New LED fixtures continue to be introduced into the hobby. Specifically, there is an increase in the number of LED fixtures providing a more fuller color spectrum with multiple channels of control, allowing the user more freedom in custom tuning the light output. Continuing in the same vein as my previous LED lighting tests, this article presents data on light intensity and spread along with spectral plots for several new LED fixtures. Table 1 presents a list of the LED lighting fixtures reviewed in this article. Each of these was tested using the same set up as my previous reflector tests, using a 3’X3′ grid with a spacing of 3″ in the X,Y direction. The fixtures were centered on this grid, and PAR was measured as PPFD (Photosynthetic Photon Flux Density) in micromoles/m2/sec using a LICOR 1000 data logger and a LI-192SA underwater cosine corrected sensor calibrated for both air and water. The data logger was set to average 5 readings for each data collection point. The data was imported into Microsoft Excel for analysis and the data was plotted to display the light spread and intensity at various distances. 4 plots of the data with 2 plots at each distance were generated showing:
- A 3-D surface plot showing the actual PAR values recorded
- A contour plot viewing the surface from the top showing the distribution
The spectral distributions were measured using the Licor LI-1800 spectroradiometer. The spectral data was collected from the various LEDs and normalized such that integrated light output (spectral irradiance) between the wavelengths of 400-700 nm was 100 Watts/m2. Data was collected at full power output for the individual channels of light control (eg. Blue, white) along with data with ALL LEDs on at full power. The data was normalized so that the full output was at 100 Watts/m2 over the wavelength range 400-700 nm. The various LED color outputs were then scaled by the same scale factor to allow of determination of the contribution of the various LEDs to the full output. The results are plotted as a Spectral power distribution plot.
The fixtures were tested for light spread and intensity at 24″and 30″, unless otherwise noted. Power draw was measured with a Kill-A-Watt meter.
Maxspect Mazarra P-series
The Mazarra P series is a modular lighting system that is sold as a complete unit with LED modules, frame mounts, power supply, and controller. The modular design allows for the addition of additional LED modules, on a support frame that is adjustable to fit a wide range of aquarium sizes. The mounting of the LED modules allows for sliding the location of the LED modules as well as allowing the LED modules to be mounted at an angle. The ability to adjust angular orientation allows for better control in directing the light output. It addition to the flexibility in mounting, this lighting fixture also allows for a plug and play replacement of the LED bulbs and the optics. 100, 70 and 40 degree optics come standard with the modules.
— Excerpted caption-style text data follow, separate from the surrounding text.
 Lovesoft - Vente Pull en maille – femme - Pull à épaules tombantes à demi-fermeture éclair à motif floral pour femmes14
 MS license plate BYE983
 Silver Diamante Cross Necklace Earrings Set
The controller provides 4 dimmable channels, and each controller can control 16 LED modules. The LEDs used in each module are Cree XLamp XM-L, Philips Luxeon Rebel, Epileds Dual-Core, and Cree XLamp RP-G LED chips. As per the specification, each LED module is rated as 60W (4-Cree XLamp XM-L 7000-8000K @ 1500mA, 4-Philips Luxeon Rebel 460-490nm @ 1000mA, 4-Philips Luxeon Rebel 440-460nm @ 1000mA, 1-Epileds Dual-Core 400-410nm @ 1000mA, 1-Epileds Dual-Core 410-420nm @ 1000mA, and 2-Cree XLamp XP-G 3000K @ 1000mA).
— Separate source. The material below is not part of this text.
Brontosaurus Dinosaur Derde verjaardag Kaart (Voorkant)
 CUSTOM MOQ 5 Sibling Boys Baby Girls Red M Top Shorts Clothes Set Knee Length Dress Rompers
AquaIllumination AI – VEGA Color
The AI-Vega is the next generation LED light fixtures from Aqua Illumination. Compared to their previous products, popular AI-Sol and Sol-Blue, the AI Vega offers additional LED colors and 6 channels of control. Each LED fixture comprises the following LEDs:
- 4-Cree XM-L Cool White
- 4 – Cree XP-E Royal Blue
- 4 – Cree XP-E Blue
- 4 – OSRAM OSLON Deep Blue
- 2 – Cree XP-E Green
- 2 – OSRAM OSLON Deep Red
A wireless controller allows for infinite control of the 6 lighting channels to create a wide range of color combinations, along with programing in special effects such as clouds and lightning.
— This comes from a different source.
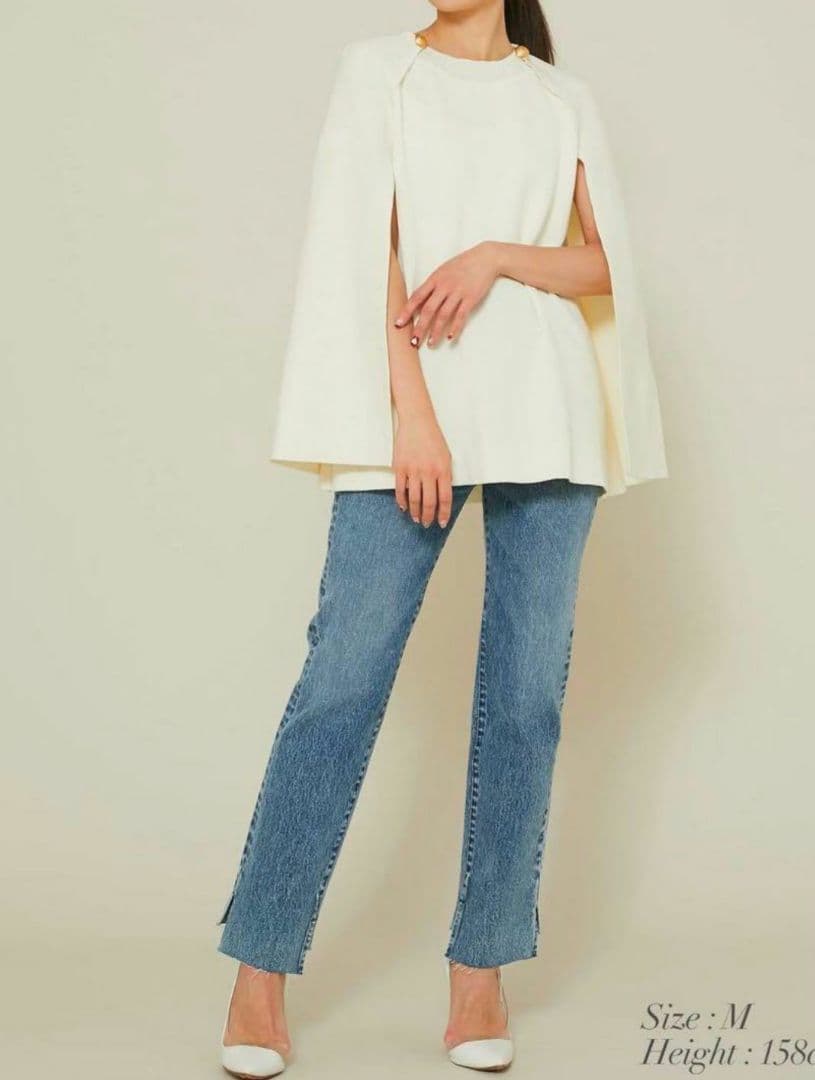 seventen マントニット　アイボリー　S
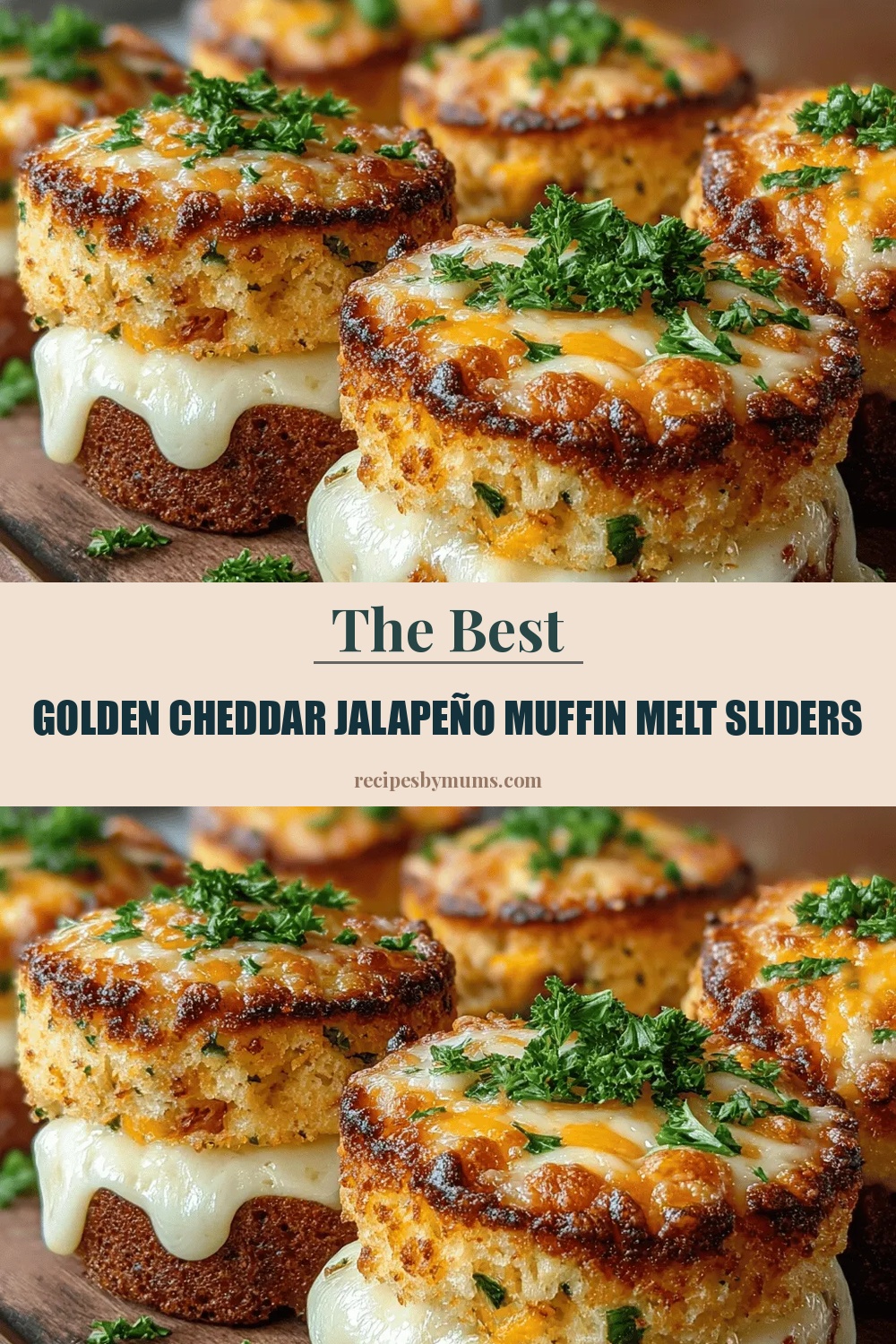 Golden Cheddar Jalapeño Muffin Melt Sliders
As LED lighting moves further into the mainstream, there is new effort being made to provide a fuller spectrum light that can be tuned by the aquarist to satisfy both the demands of the corals as well as the visual pleasure of the aquarist. Hopefully this data will help the aquarist make an informed choice on what to expect from the individual LED fixtures and how best to utilize them to achieve the desired coverage and light intensity.